Reproduce exactly the lines from the one containing "Red Ocean Welcome" through the end of the entries, including both. Drop the pictures.

[Records excerpted from a collection]

======

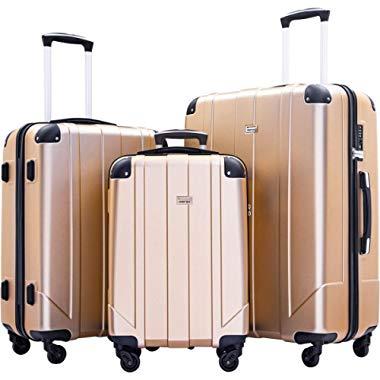 Merax 3 Pcs Luggage Set with Built-in TSA and Reinforced Corners, Eco-friendly P.E.T Light Weight Spinner Suitcase Set (Gold)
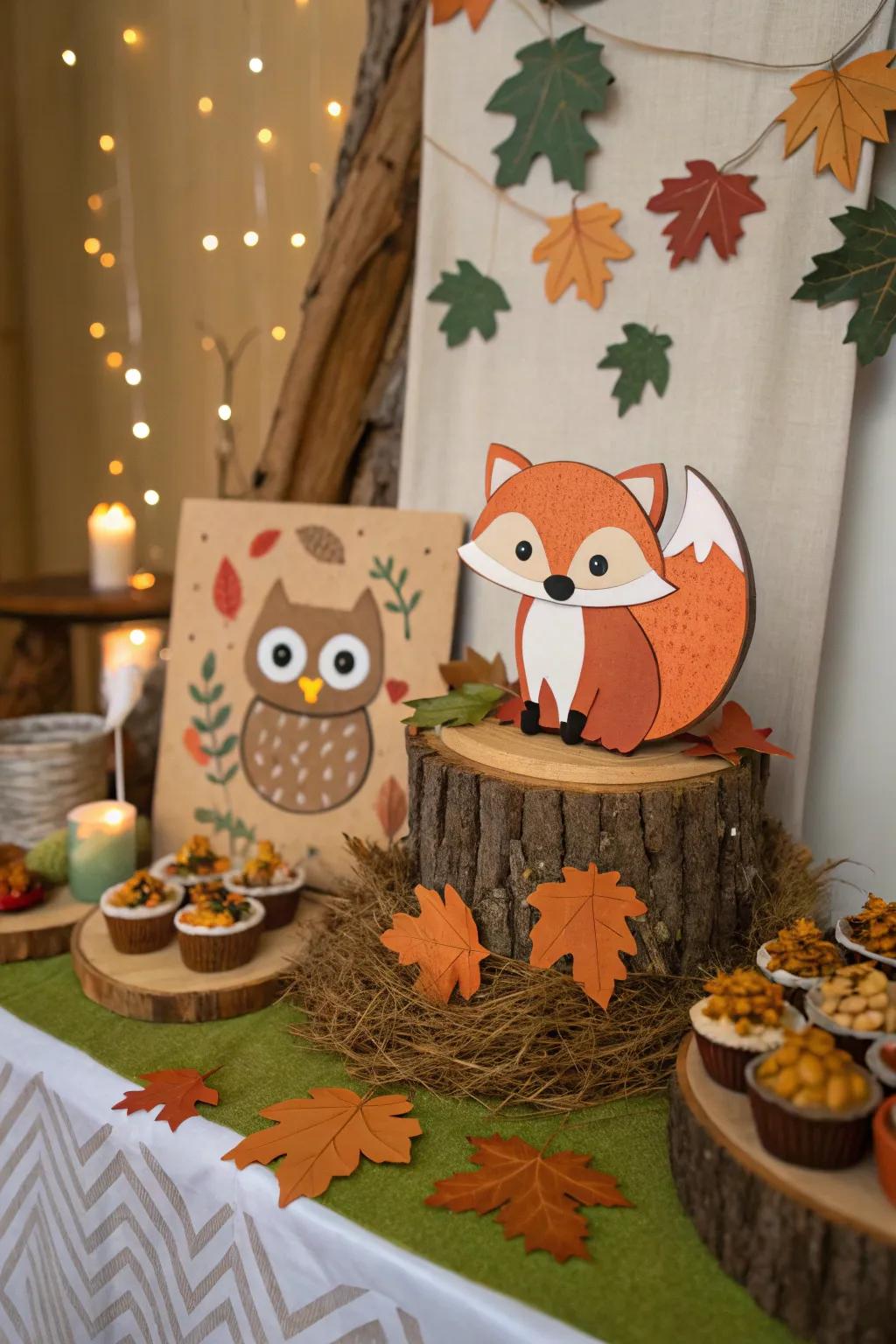 Add a touch of whimsy with adorable woodland creatures on your fall birthday board.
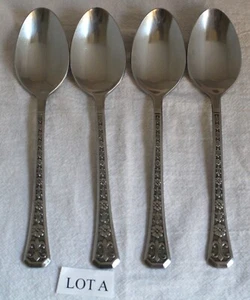4 Interpur FLORENZ Place/Oval Soup Spoons 8 Petal Flowers Stainless Steel KOREA - Picture 1 of 12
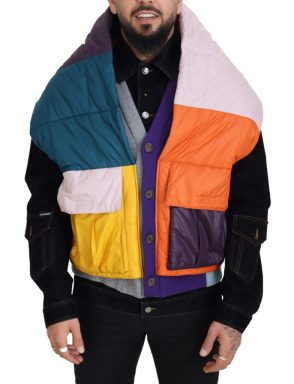 Multicolor Patchwork Denim Button Down Jacket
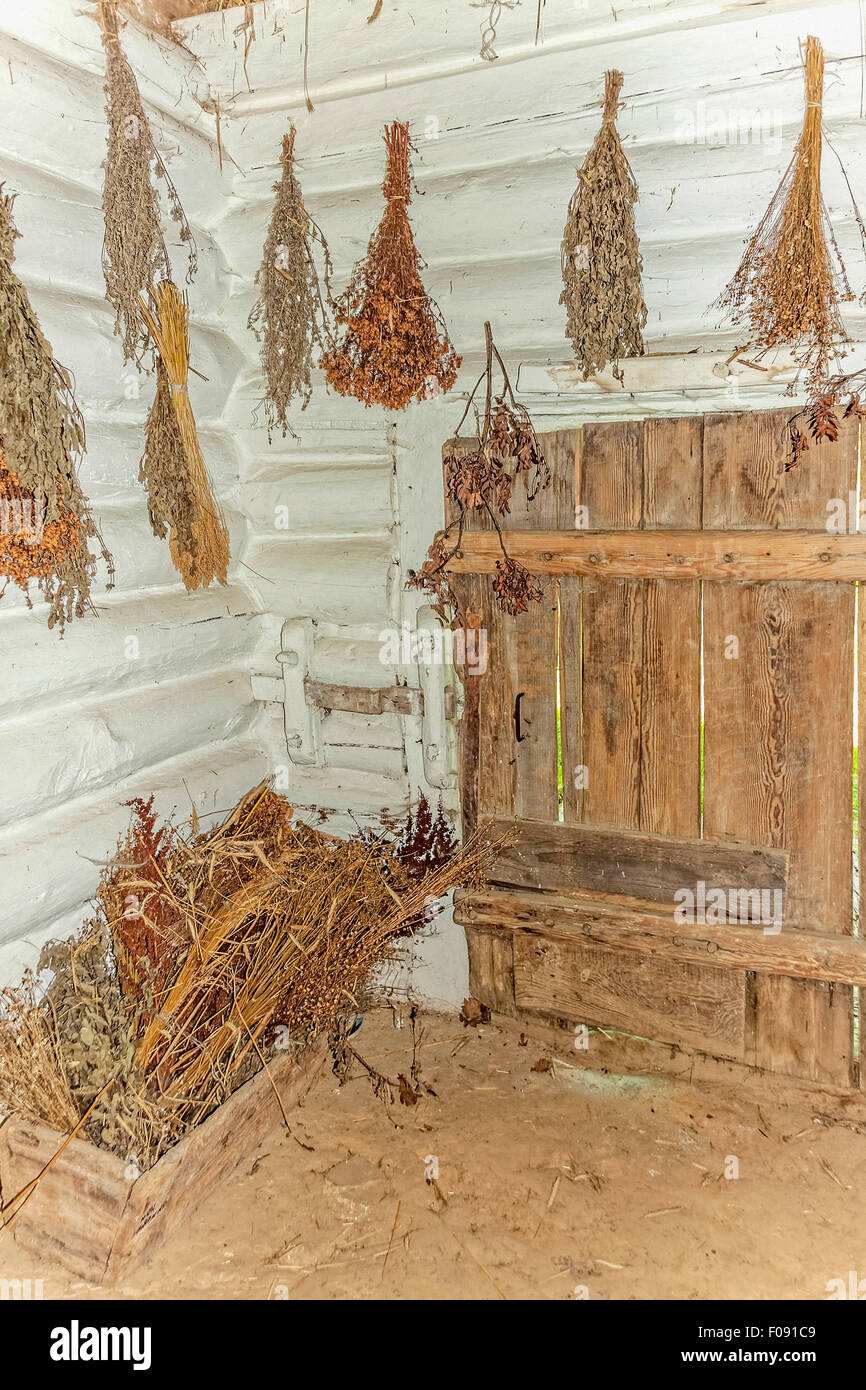 Dried herbs in Tokarnia open-air museum, Poland Stock Photo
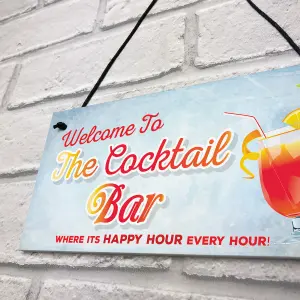 Red Ocean Welcome To Cocktail Bar Novelty Hanging Plaque Pub Bar Garden Sign Friendship Gift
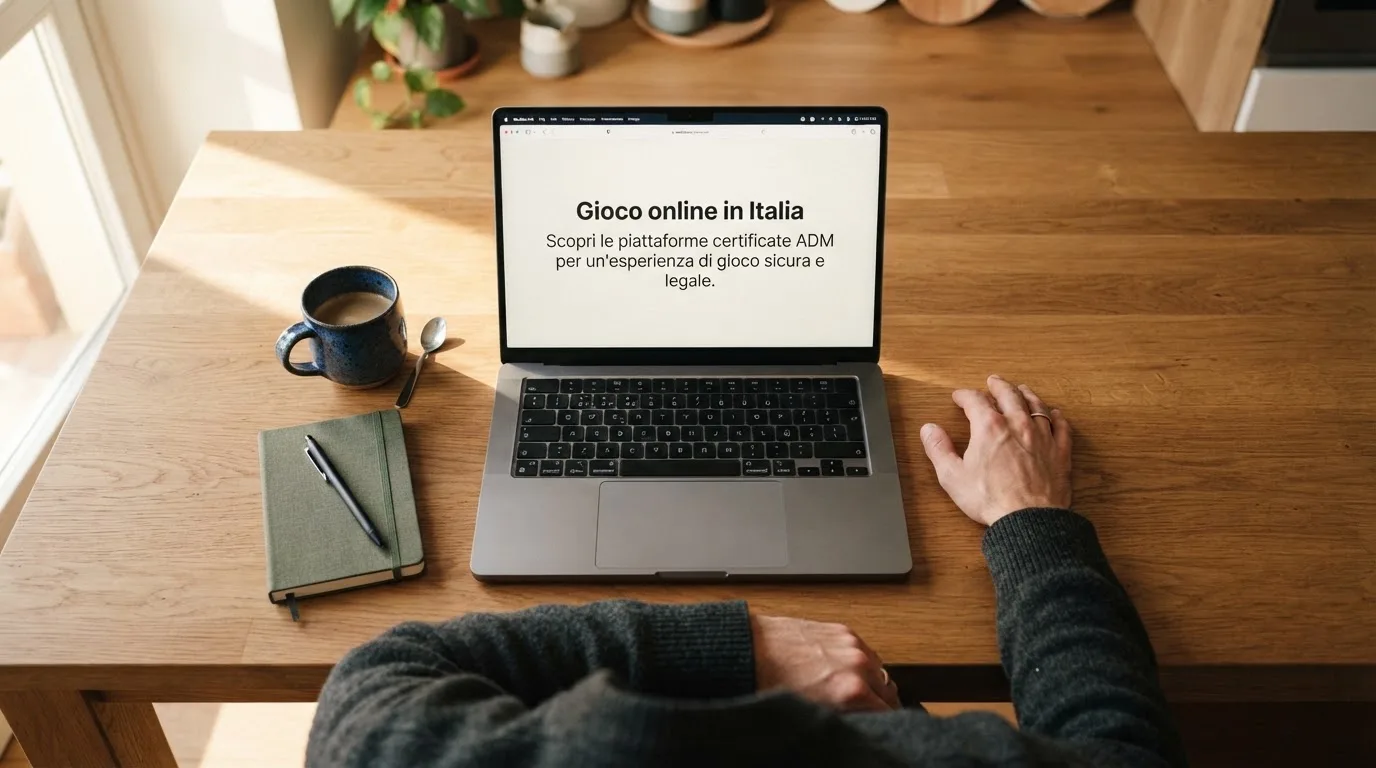 Persona davanti a un portatile che legge una pagina informativa sul gioco online in Italia — casino online senza registrazione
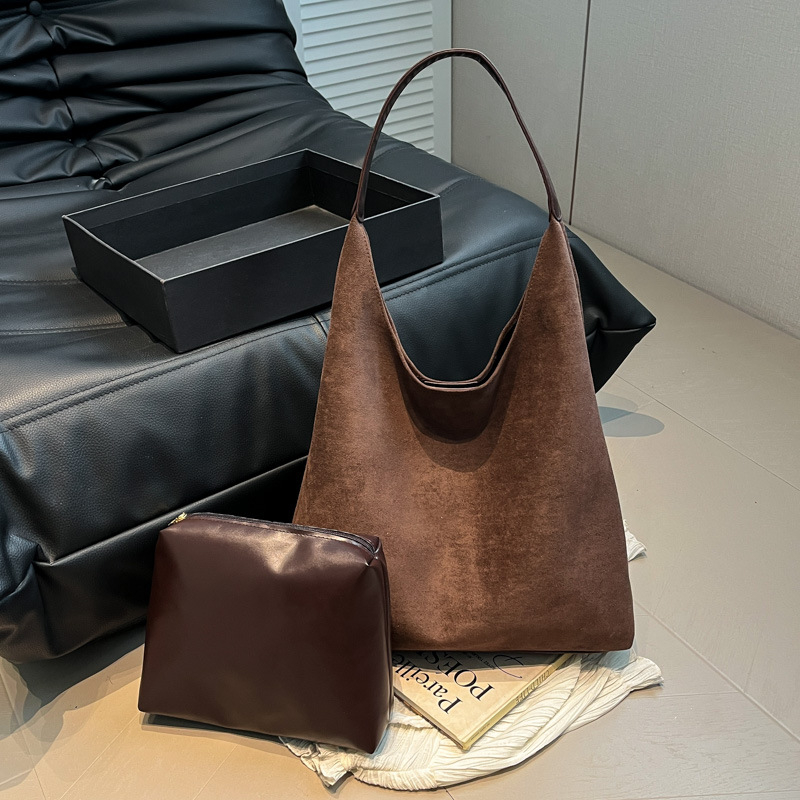 Ženska velur tote torba, novi modni retro stil, prostrana dnevna torba za nošenje na rame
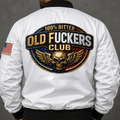 Bitter Old Fuckers Club Printed White Bomber Jacket Skull Wings Patriotic Lifetime Member Gift for Dad Grandpa Veteran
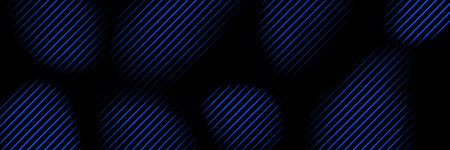Dark abstract shapes pattern with blue glowing circular forms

======

#### EXERCISE RESULT:
 Red Ocean Welcome To Cocktail Bar Novelty Hanging Plaque Pub Bar Garden Sign Friendship Gift
 Persona davanti a un portatile che legge una pagina informativa sul gioco online in Italia — casino online senza registrazione
 Ženska velur tote torba, novi modni retro stil, prostrana dnevna torba za nošenje na rame
 Bitter Old Fuckers Club Printed White Bomber Jacket Skull Wings Patriotic Lifetime Member Gift for Dad Grandpa Veteran
Dark abstract shapes pattern with blue glowing circular forms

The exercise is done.